▶ Exercise
Reproduce the opening lines of the listing below exactly, stopping after the line that contains "Hi, this is" and leaving out any pictures.

=-=-=

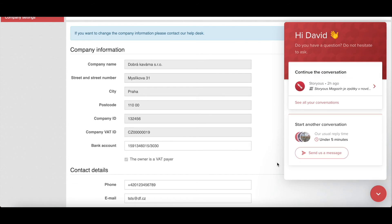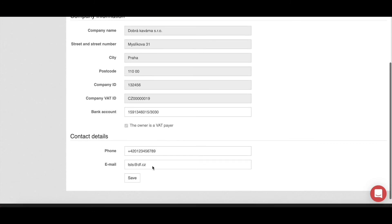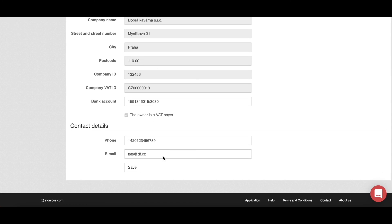You will also find the option to turn on the VAT payer function. If you become a VAT payer, you will need to fill in the phone number and name in the contact information.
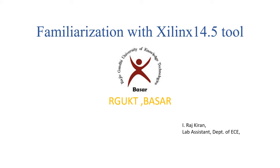Hello students, in this video we will discuss the first experiment in digital design, i.e. familiarization of Xilinx 14.5 tool flow.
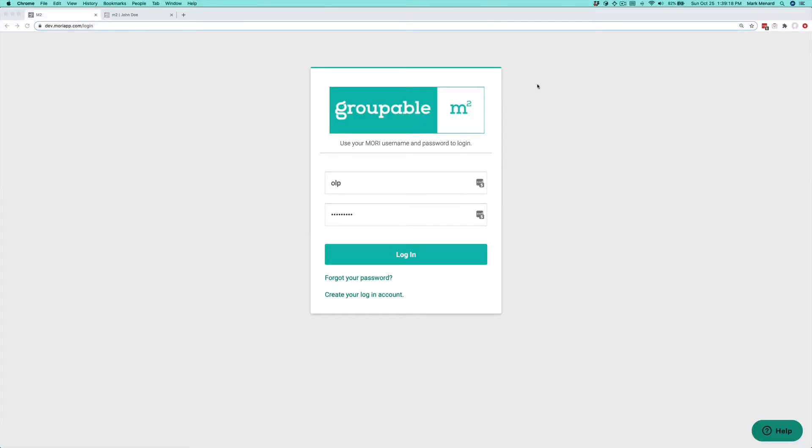Hi, this is Mark from Groupable. Today we're going to go over how we generate labels for mailings, produce reports, export member information to Excel spreadsheets, and send emails. Today's really about working with groups of records and how to output them.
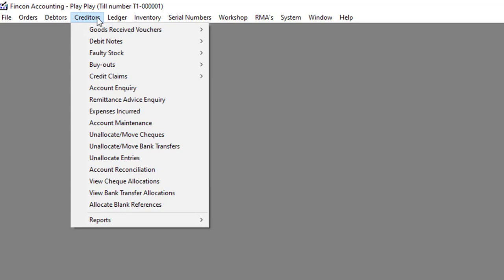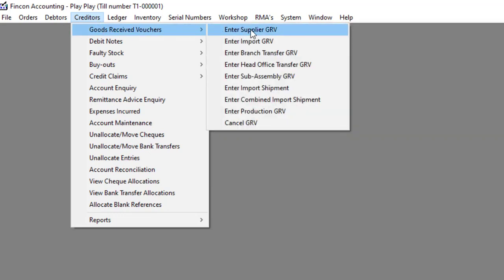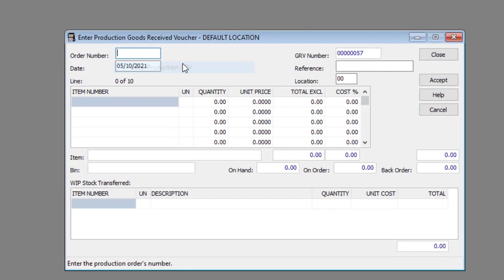Navigate to creditors, goods received vouchers, then to enter production GRV.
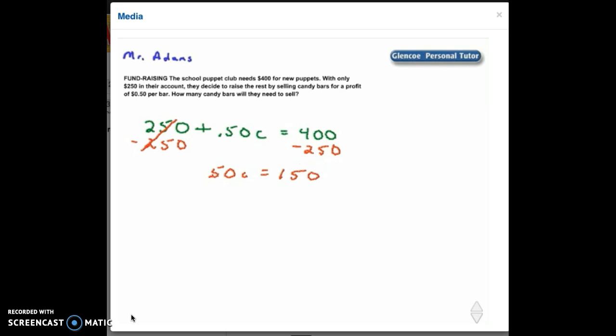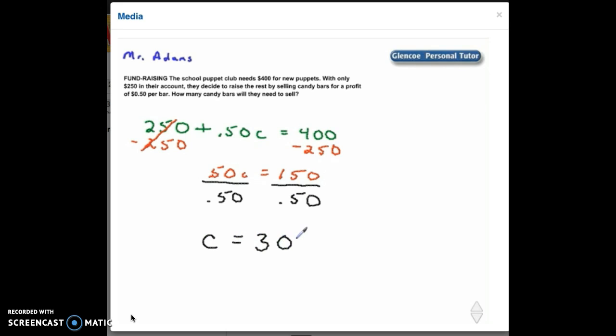And we can divide both sides by $0.50. $150 divided by $0.50. So when we do that, we're left with our candy bars equaling $300. So they need to sell 300 candy bars in order to make the $400.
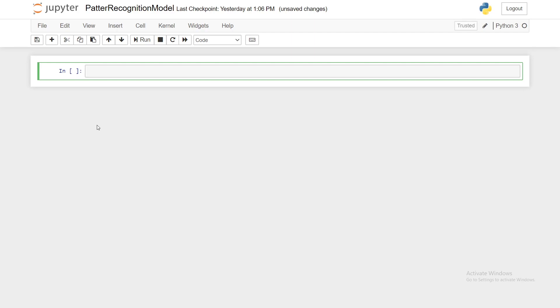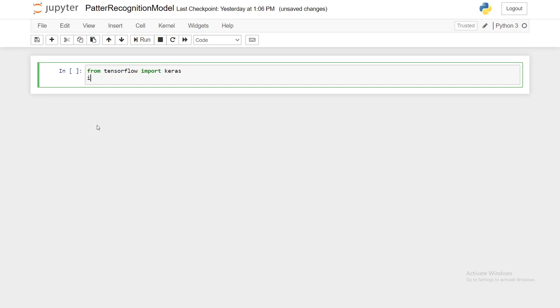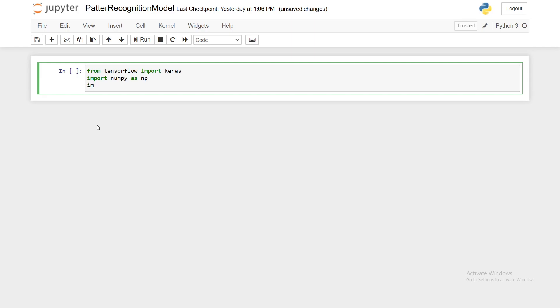So first let's start with importing our libraries. From tensorflow import keras. We'll import numpy as np and lastly we'll import math as well.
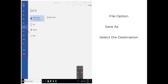Steps to save a document: Click on the File option in the left-hand side corner. On the File option, click on Save As. After clicking on Save As, a dialog box will appear. Enter the file name and select the destination location where you want the file to be saved. Finally, click on the Save button.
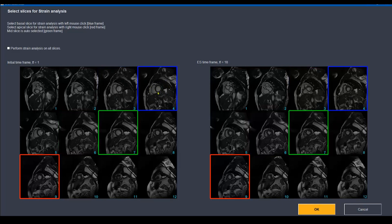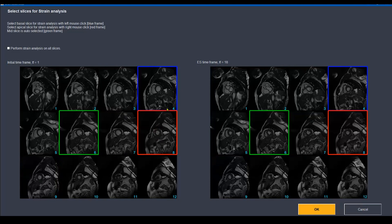We select the basal slice with the left mouse click. The next step is to select the apical slice. The trick behind selecting the apical slice is not to go too far downward, because we don't select the true apex or the apical cap — we should select the apical segments: the four apical segments, which are the apical anterior, apical septal, apical inferior, and apical lateral. So I go one or two slices below the mid ventricular segment and select this slice with the right mouse click. The software automatically puts the mid ventricle somewhere in between. I will press OK to move to the next step.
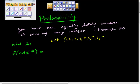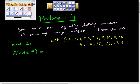So we list all the numbers: 1, 2, 3, 4, 5, 6, 7, 8, 9, 10, 11, 12, 13, 14, 15, 16, 17, 18, 19, 20. That's our set.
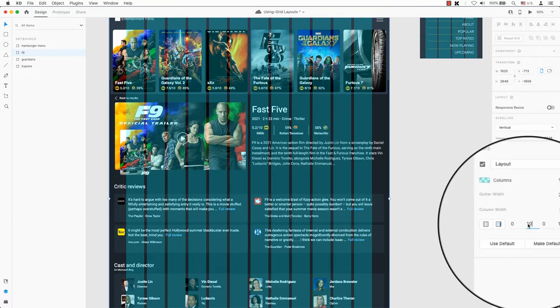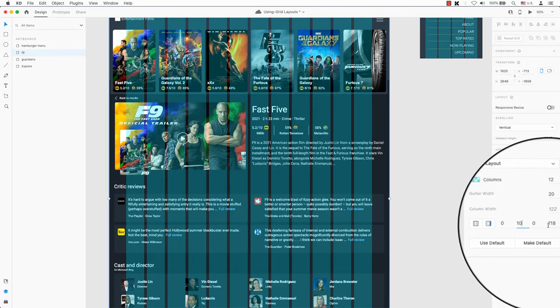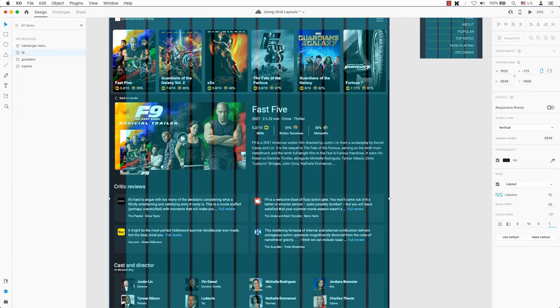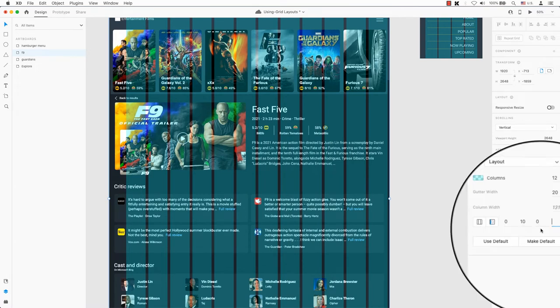Adobe XD may change these numbers for some strange reason. Have no doubt the grid layout in Adobe XD requires a little tweaking with the numbers to make it work.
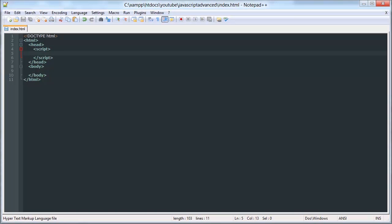Hello YouTube, this is the fourth video in our JavaScript Advanced Tutorial Series. In this video I'm going to be talking about multi-dimensional arrays. Basically, a multi-dimensional array is just like a regular array, except there are arrays nested within arrays. So let me give you an example of that.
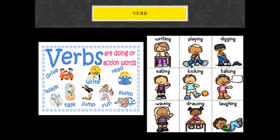What are verbs? Verbs are action words — they are doing or action words. You drive, walk, talk, jump, write, run, swim, read. You are eating, writing, playing, digging, talking to your friend, drawing, laughing, waving to your friend. So all these are actions, and these actions are verbs.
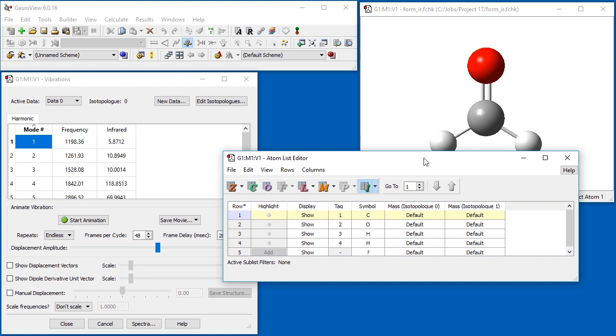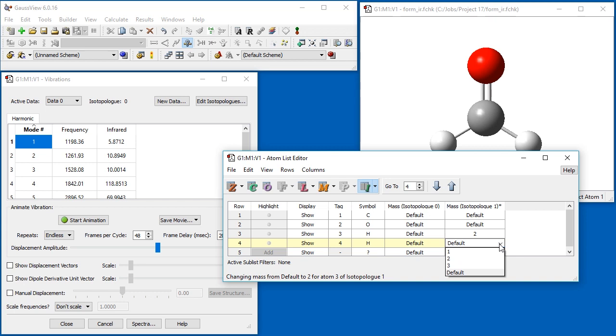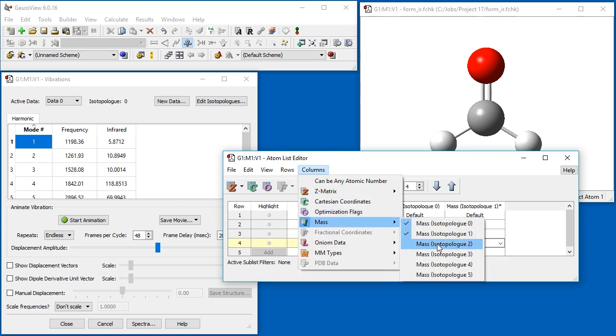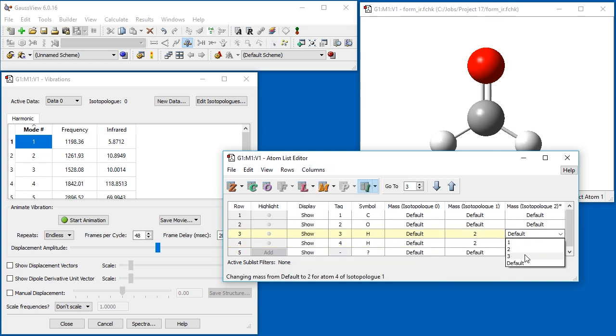GaussView automatically adds a column for an additional isotopologues, here isotopologues 1. We specify an atomic weight of 2 for both hydrogen atoms using the pop-up menu in each cell. Additional isotopologues can also be defined directly by enabling another item on the column mass submenu.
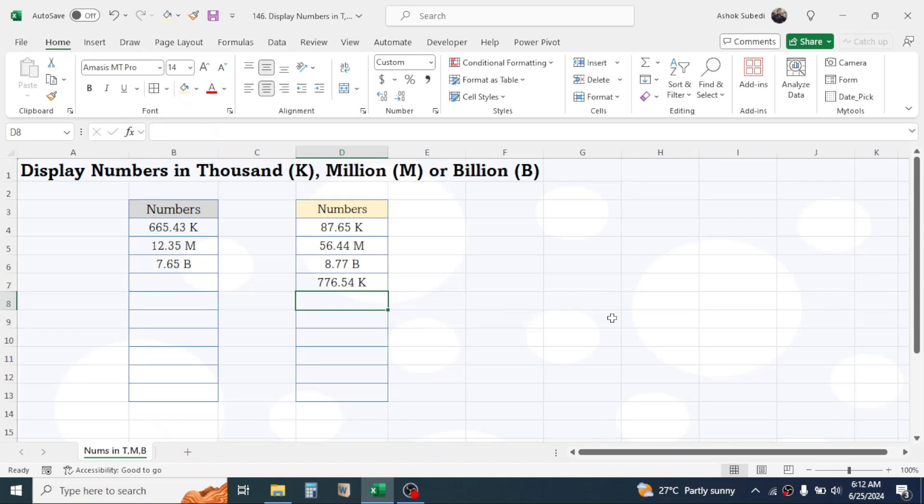So this is how we use the custom formatting to display the number in thousand, million, or billion in Microsoft Excel. And this was for today's video. Thank you very much for watching, we will again meet on next video tutorial.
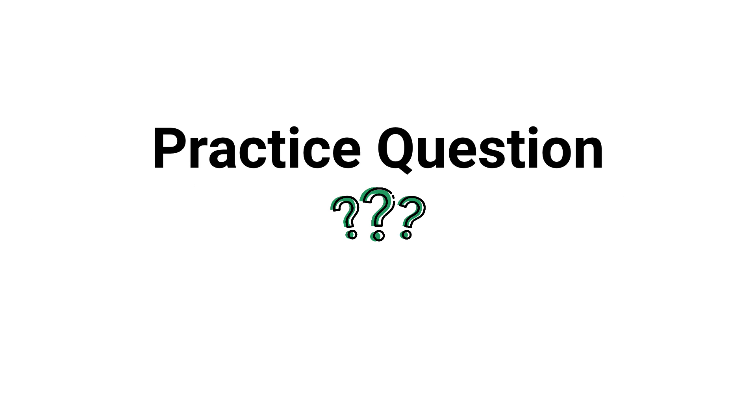What's up guys, in this video we're going to break down a practice question about what it means when some of the ventilator alarms are sounding. Are you ready? Let's go.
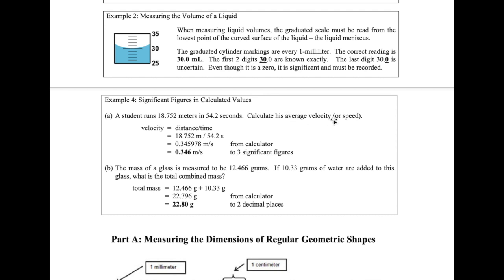To calculate average velocity, we divide distance by time: 18.752 meters divided by 54.2 seconds. The calculator gives 0.345978 meters per second. However, that calculated answer is not correct because it doesn't account for the precision of the instruments. Reporting 6 significant figures implies you can measure the student's speed to that level of precision, which you cannot.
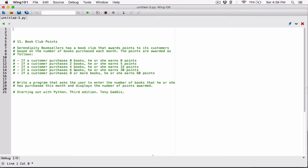Now, the program wasn't really specific because it only lists certain values. What if you bought 7 books? The program didn't say 7 books. It wouldn't make sense to give 0, because if you bought 7 books, you've at least bought 6. So you should get at least 30 points. Similarly, if someone buys 3 books, they've at least bought 2, so they should get at least 5 points.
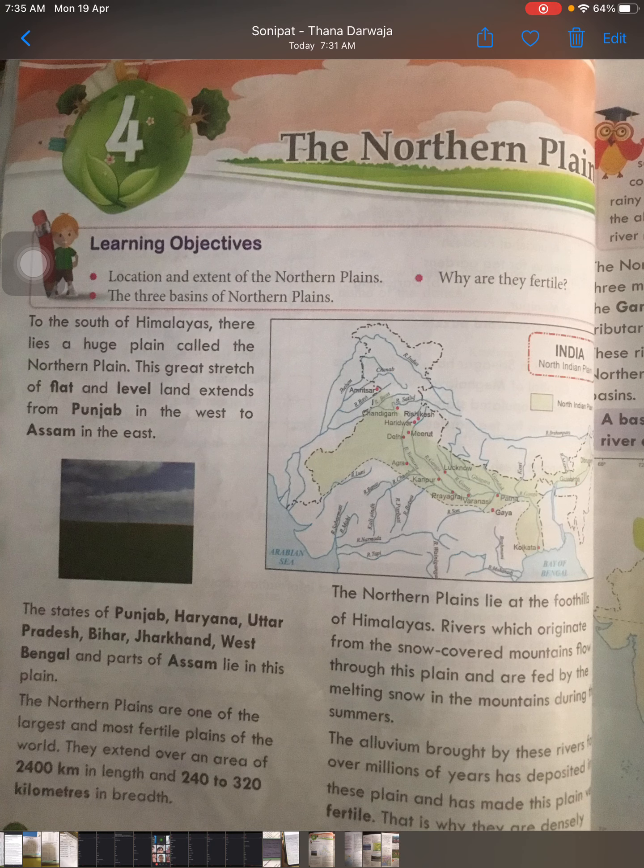Good morning students. Today we are going to discuss a new chapter — the Northern Plains. The plain areas means the areas in which we people are living. In the previous chapter we read about the Himalayan mountains, and now we are going to read about the plain areas, which are very much fertile.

=-=-=

▶ Your response
You will also find the option to turn on the VAT payer function. If you become a VAT payer, you will need to fill in the phone number and name in the contact information.
Hello students, in this video we will discuss the first experiment in digital design, i.e. familiarization of Xilinx 14.5 tool flow.
Hi, this is Mark from Groupable. Today we're going to go over how we generate labels for mailings, produce reports, export member information to Excel spreadsheets, and send emails. Today's really about working with groups of records and how to output them.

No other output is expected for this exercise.